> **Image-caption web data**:
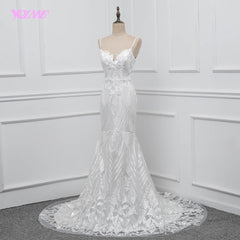 YQLNNE Lace Mermaid Wedding Dress 2019 Vestido De Noiva Spaghetti Backless Sweep Train Bridal Gown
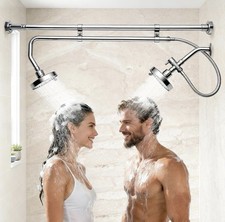 Tandem Shower System for Couples, Dual Shower Head Adjustable Height & 180° picture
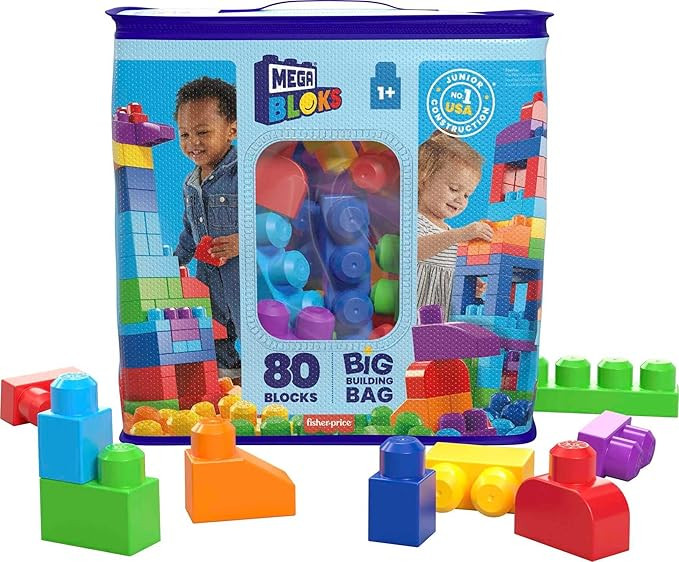 MEGA BLOKS First Builders Toddler Blocks Toys Set, Big Building Bag with 80 Pieces and Storage, B... | Amazon (US)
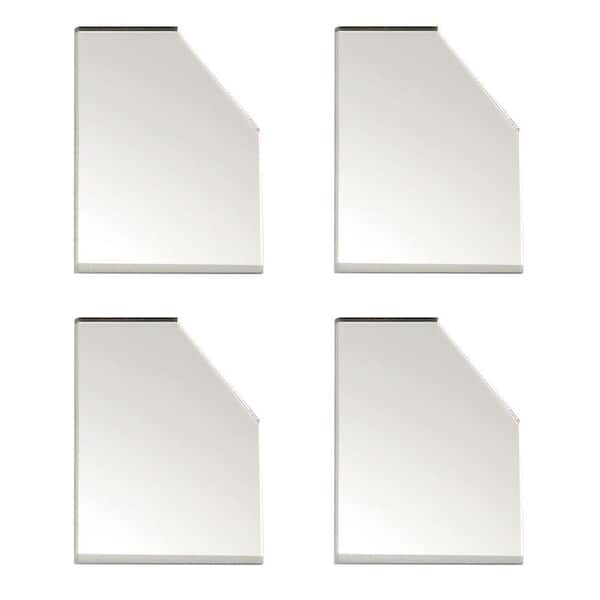 MirrEdge 3 in. x 3 in. Acrylic Mirror Corner Plates (4-Pack)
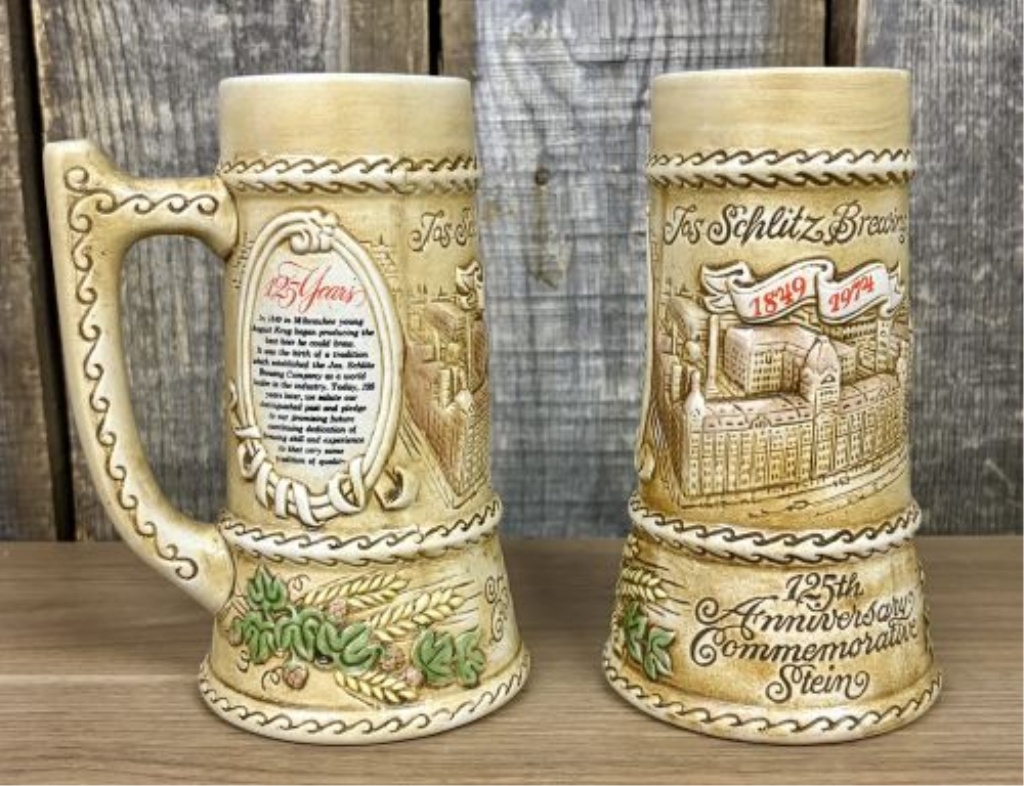 A Pair of Jos. Schlitz Brewing Co. 125th Anniversary Commemorative Steins by Ceramarte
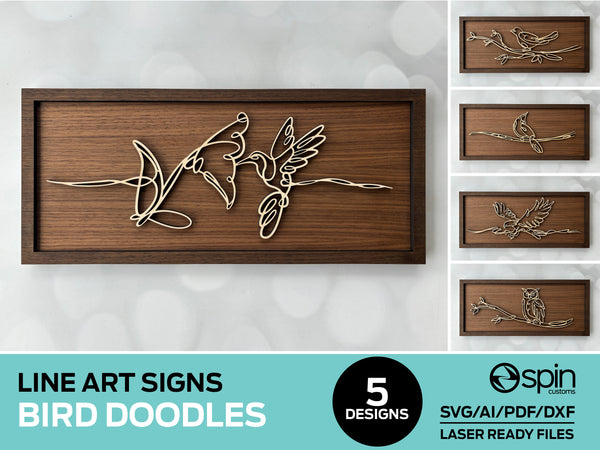 Birds "DOODLES" Line Art Signs - 5 Designs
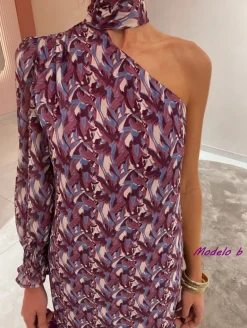 Vestido asimétrico  pinceladas pañuelo cuello Vega (M18)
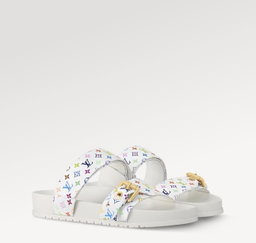 Sandálias Louis Vuitton Murakami brancas 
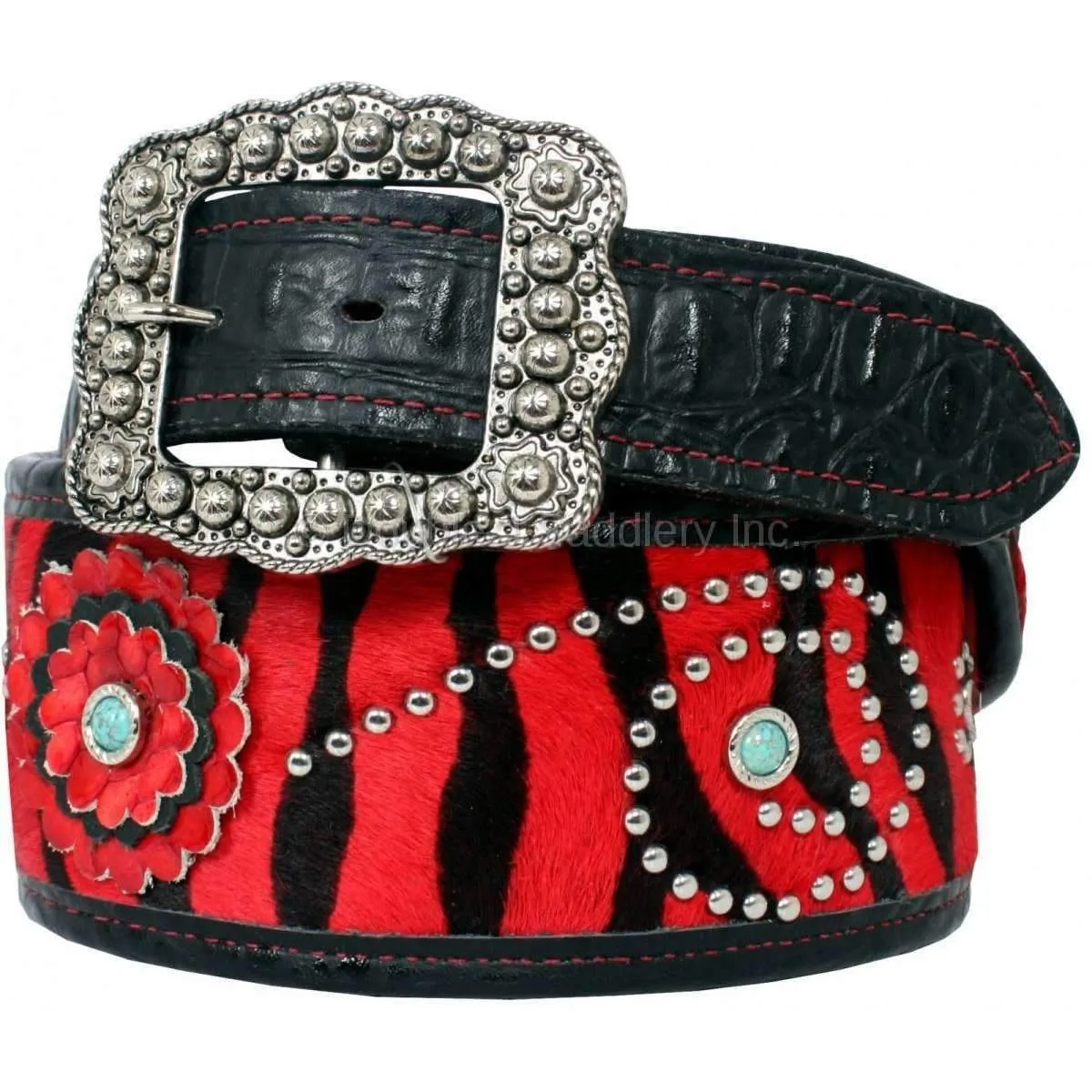 B220 - Red Zebra Hair Print and Black Gator Ends Belt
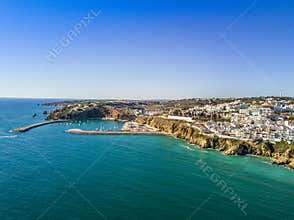 Aerial view of marina and cliffs in Albufeira, Algarve, Portugal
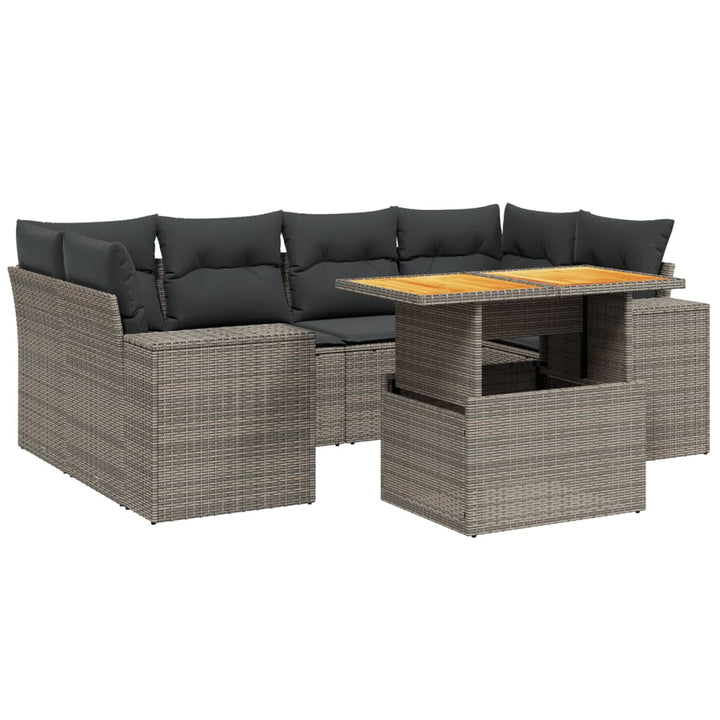 Set Canapele De Grădină, 7 Piese, Cu Perne, , Poliratan
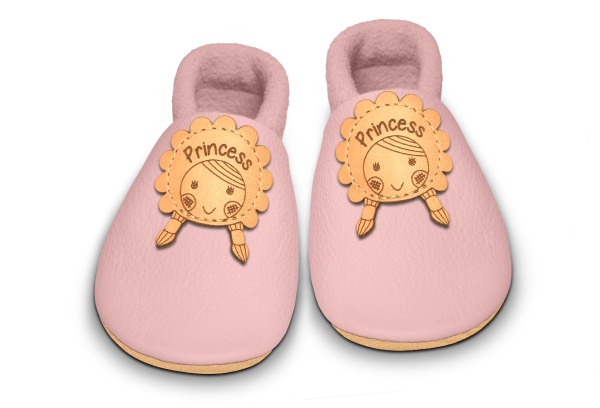 Krabbelschuhe Mädchen in Rosa, Paar von oben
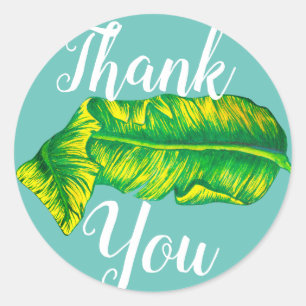 Tropical Banana Leaf Vielen Dank Runder Aufkleber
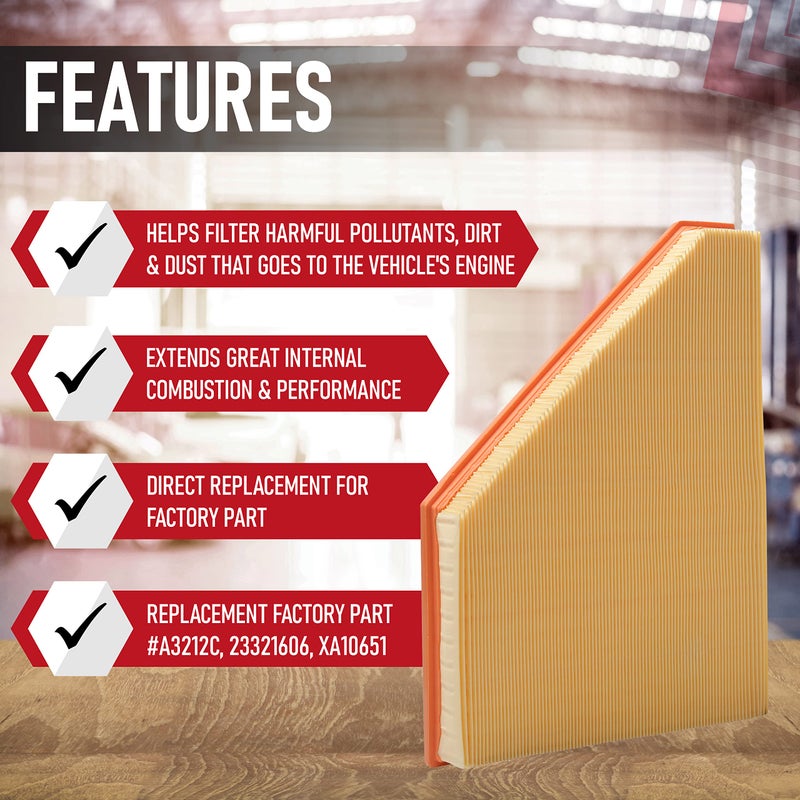 AA Ignition Replacement Air Filter - Compatible with Buick, Cadillac, Chevrolet and GMC - 2.0L, 2.5L, 3.6L 2017-2021 - Enclave, XT5, XT6, Blazer, Traverse, Acadia - Replaces A3212C, 23321606, PA99222, XA10651 - Image 2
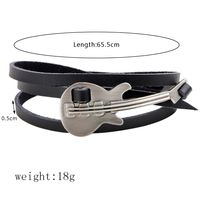 Hip-hop Vintage Style Guitar Alloy Leather Knitting Men's Wristband sku image 1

> **Your instructions**: Pictures are to be dropped; the lines from the start of the entries above through the line with "MirrEdge 3 in." are to be given again verbatim.

> **Result for this exercise**:
 YQLNNE Lace Mermaid Wedding Dress 2019 Vestido De Noiva Spaghetti Backless Sweep Train Bridal Gown
 Tandem Shower System for Couples, Dual Shower Head Adjustable Height & 180° picture
 MEGA BLOKS First Builders Toddler Blocks Toys Set, Big Building Bag with 80 Pieces and Storage, B... | Amazon (US)
 MirrEdge 3 in. x 3 in. Acrylic Mirror Corner Plates (4-Pack)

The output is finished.